Exercise materials:
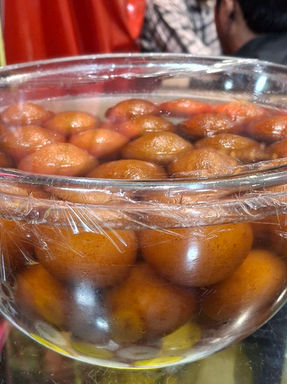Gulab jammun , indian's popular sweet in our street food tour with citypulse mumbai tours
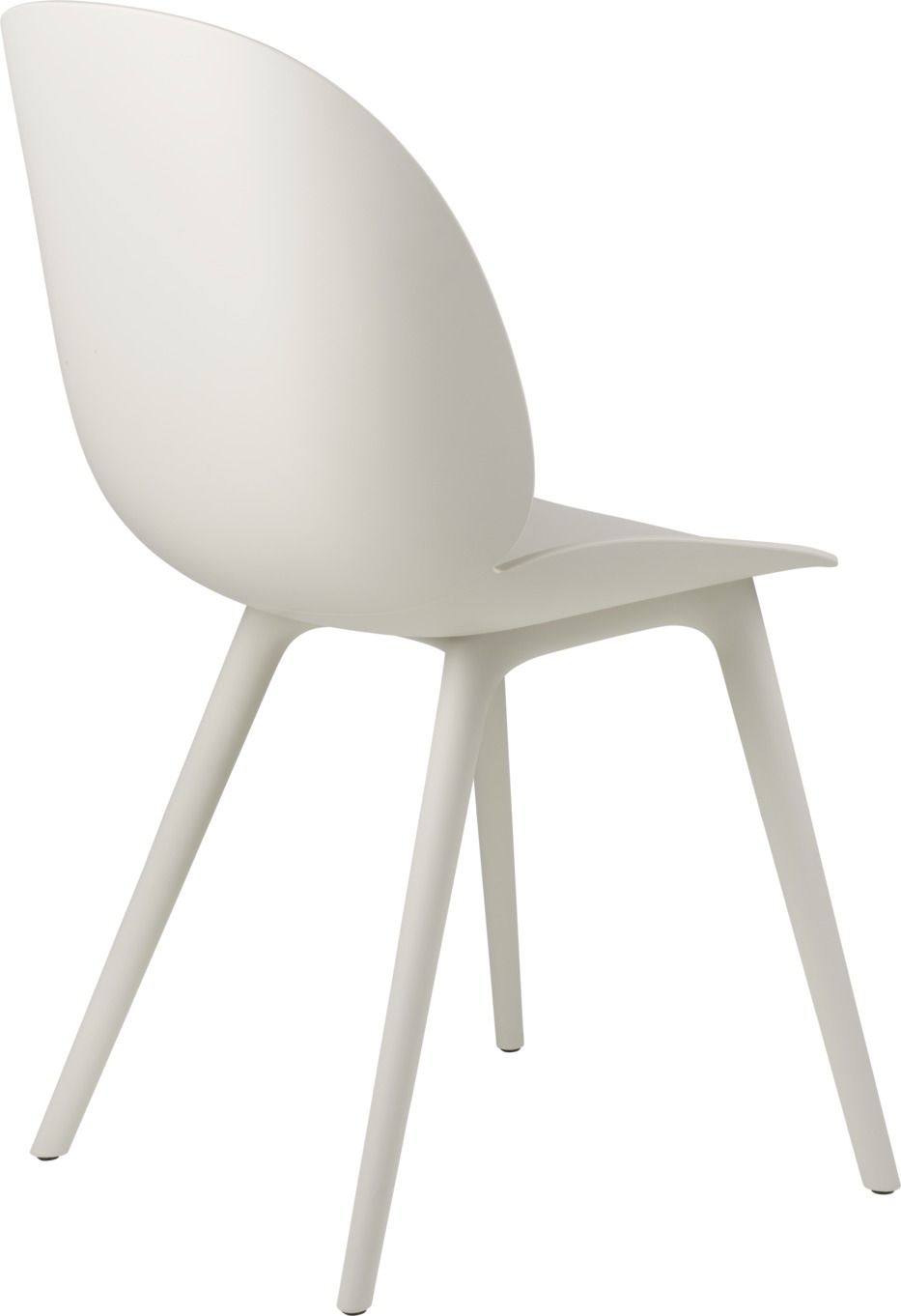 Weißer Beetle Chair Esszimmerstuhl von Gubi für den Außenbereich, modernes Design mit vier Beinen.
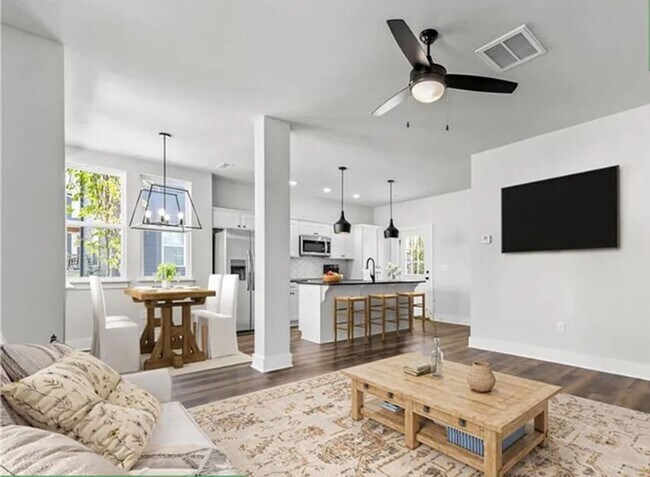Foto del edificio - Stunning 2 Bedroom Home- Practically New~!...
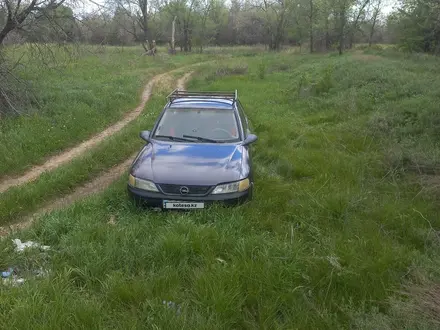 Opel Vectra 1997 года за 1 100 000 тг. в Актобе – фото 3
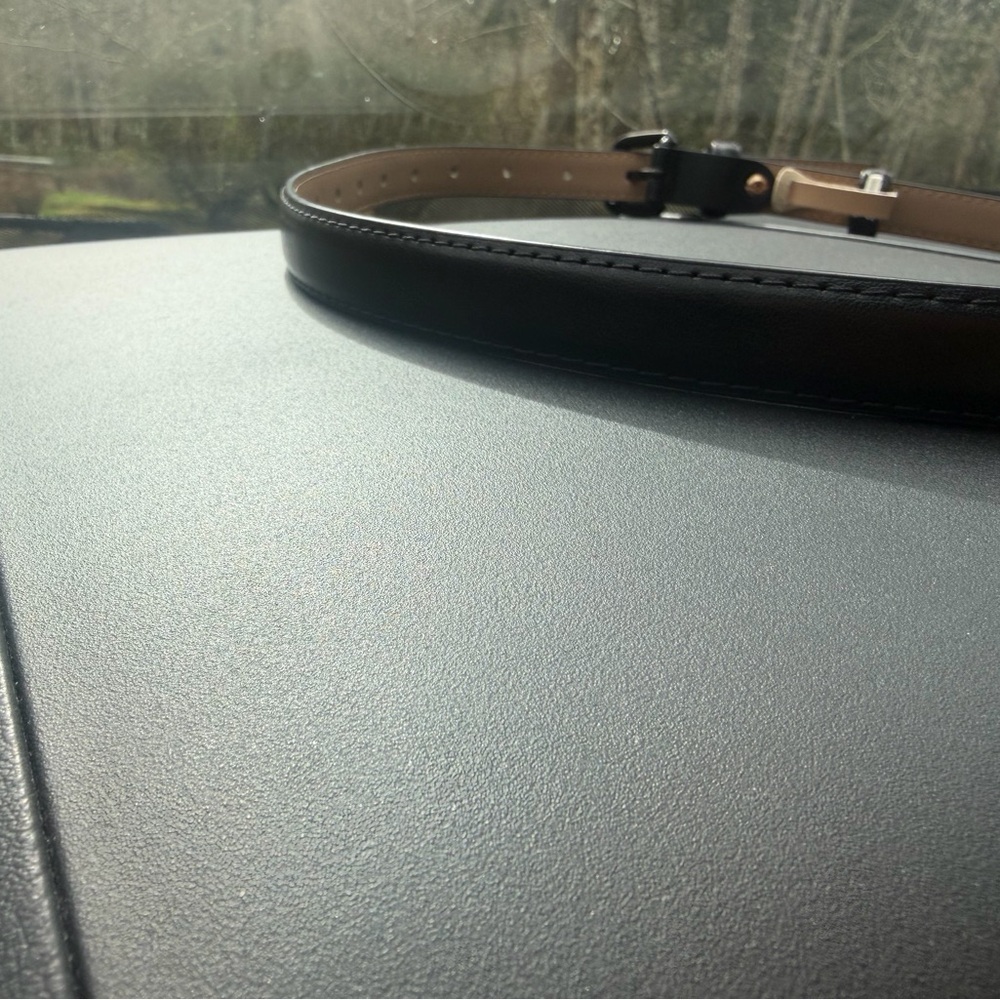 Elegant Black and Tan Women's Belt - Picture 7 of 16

* * *

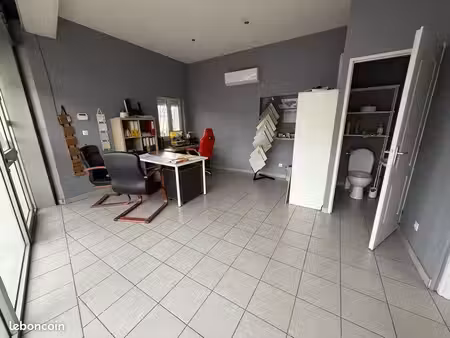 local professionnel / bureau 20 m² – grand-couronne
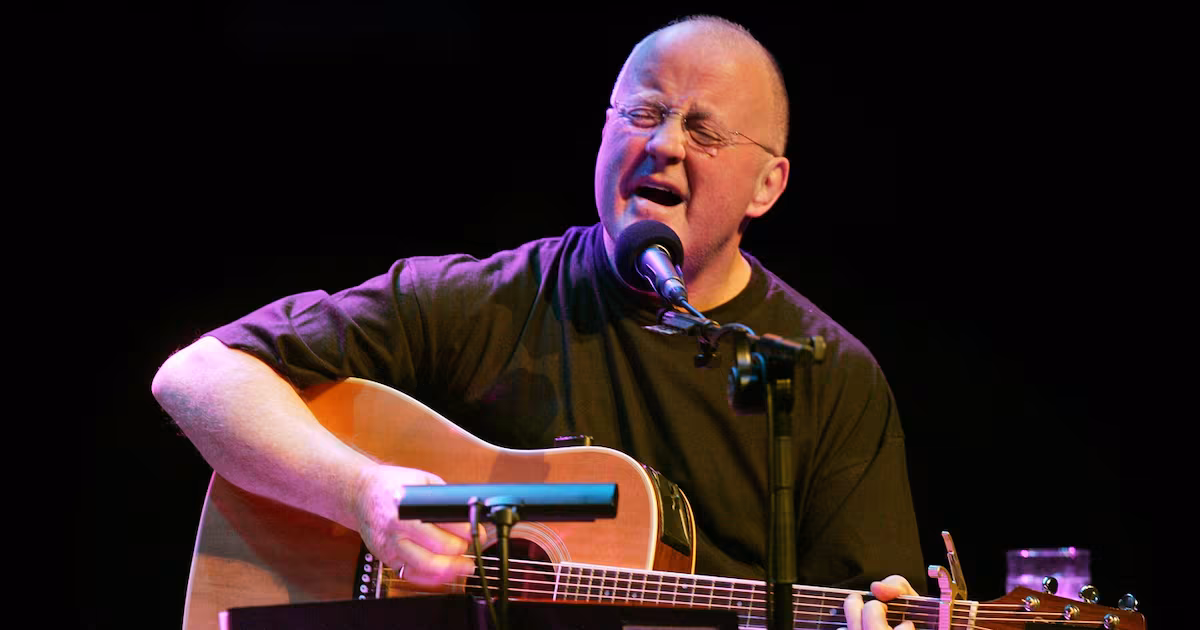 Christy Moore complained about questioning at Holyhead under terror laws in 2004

Your assignment:
Pictures in the entries do not go into the copy. Print only the lines starting at the one containing "Gulab jammun , indian's" and ending at the one containing "Foto del edificio", exactly as they appear.

Response to the exercise:
Gulab jammun , indian's popular sweet in our street food tour with citypulse mumbai tours
 Weißer Beetle Chair Esszimmerstuhl von Gubi für den Außenbereich, modernes Design mit vier Beinen.
Foto del edificio - Stunning 2 Bedroom Home- Practically New~!...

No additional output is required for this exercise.